Once the line containing "Emilie Cotton T-shirt" is found in the material below, it and every line after it should be transcribed exactly, with pictures left out and nothing added.

Data shown:
——
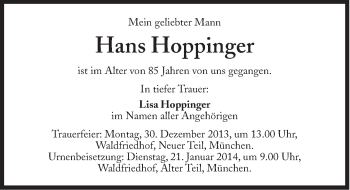 Traueranzeige von Hans Hoppinger von Süddeutsche Zeitung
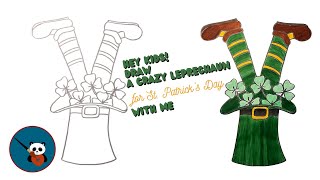 Hey Kids, Draw a Crazy Leprechaun / St. Patrick's Day With Me | Easy Step-by-Step Tutorial for Kids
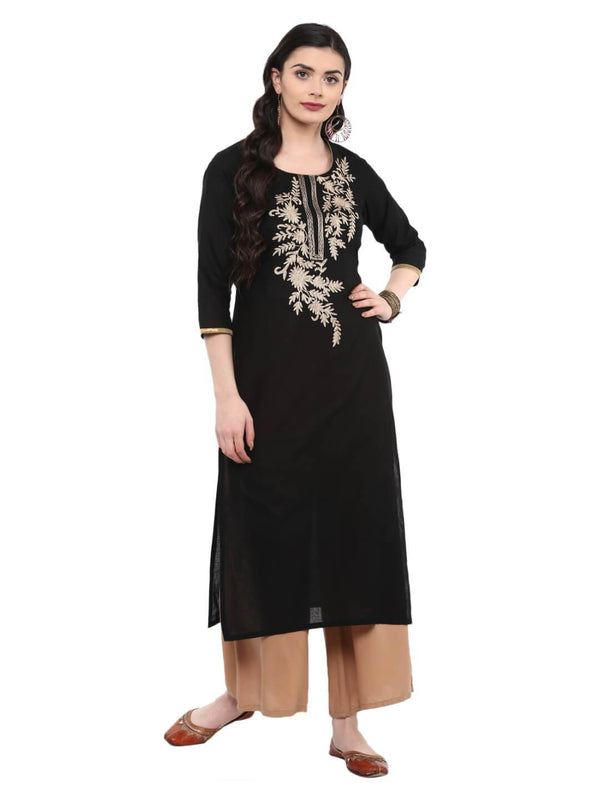 Women's Black Ajrakh Hand Block Cotton Printed Straight Kurta - Noz2Toz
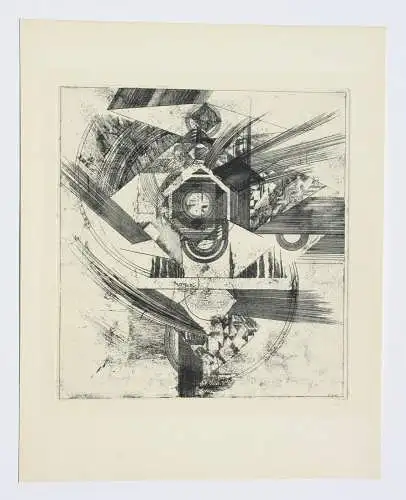 Fritz Kreidt (1936-2020), signierte Radierung, abstrakte Komposition, um 1960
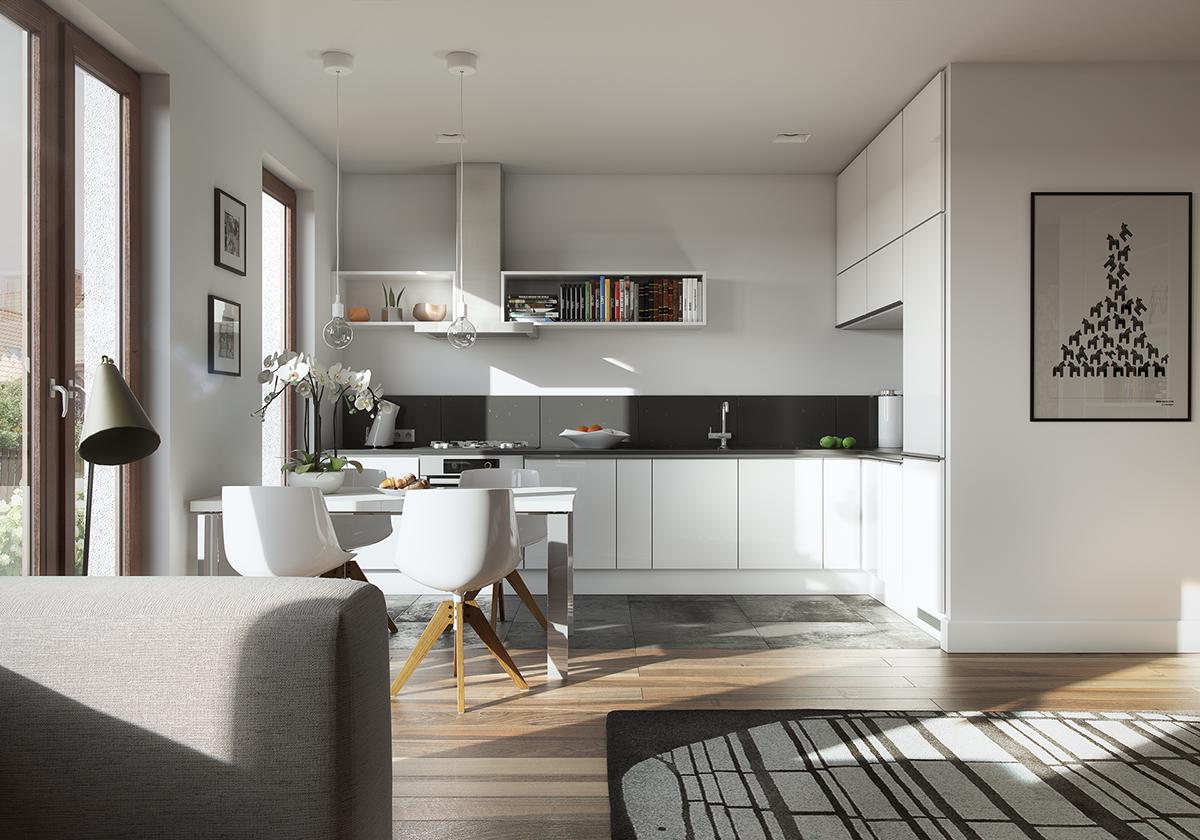 cocina monocromática blanca y negro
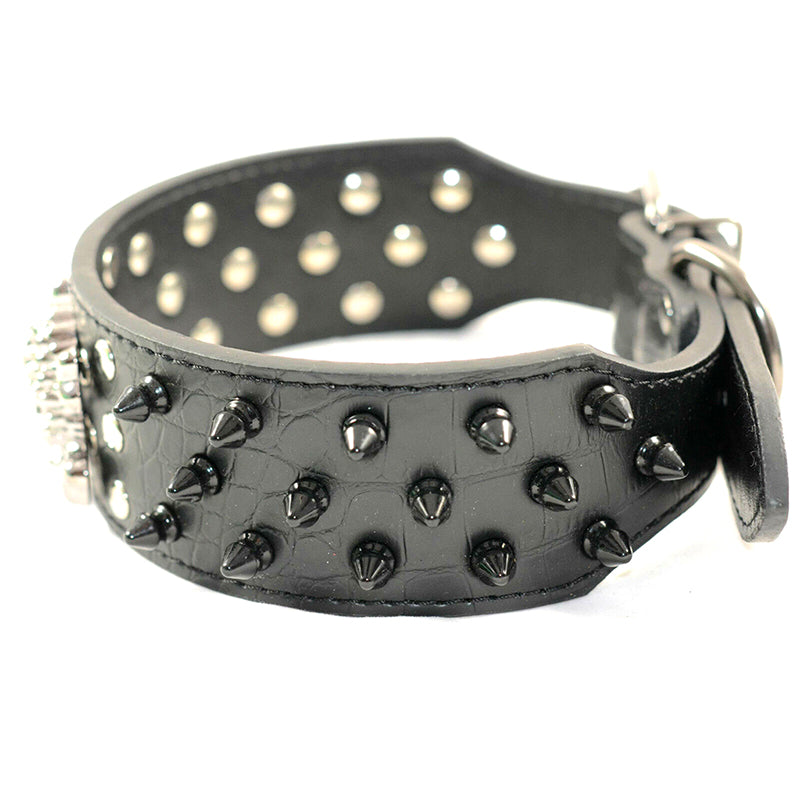 Pet Dog Leather Collar Black Spikes Adjustable Dog Collar Skull Charm M L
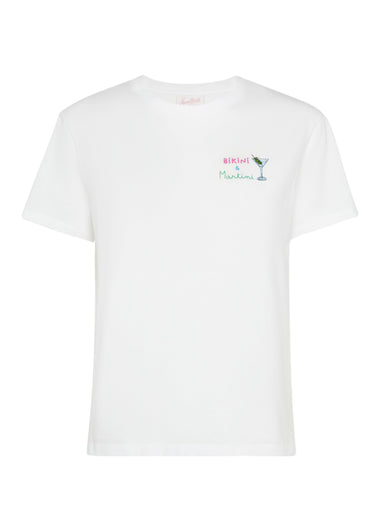 Emilie Cotton T-shirt with Bikini and Martini Embroidery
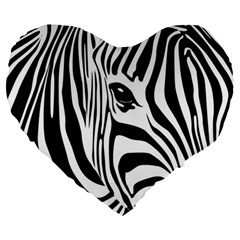 Animal Cute Pattern Art Zebra Large 19  Premium Heart Shape Cushions by Amaryn4rt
——
Solution to this exercise:
 Emilie Cotton T-shirt with Bikini and Martini Embroidery
 Animal Cute Pattern Art Zebra Large 19  Premium Heart Shape Cushions by Amaryn4rt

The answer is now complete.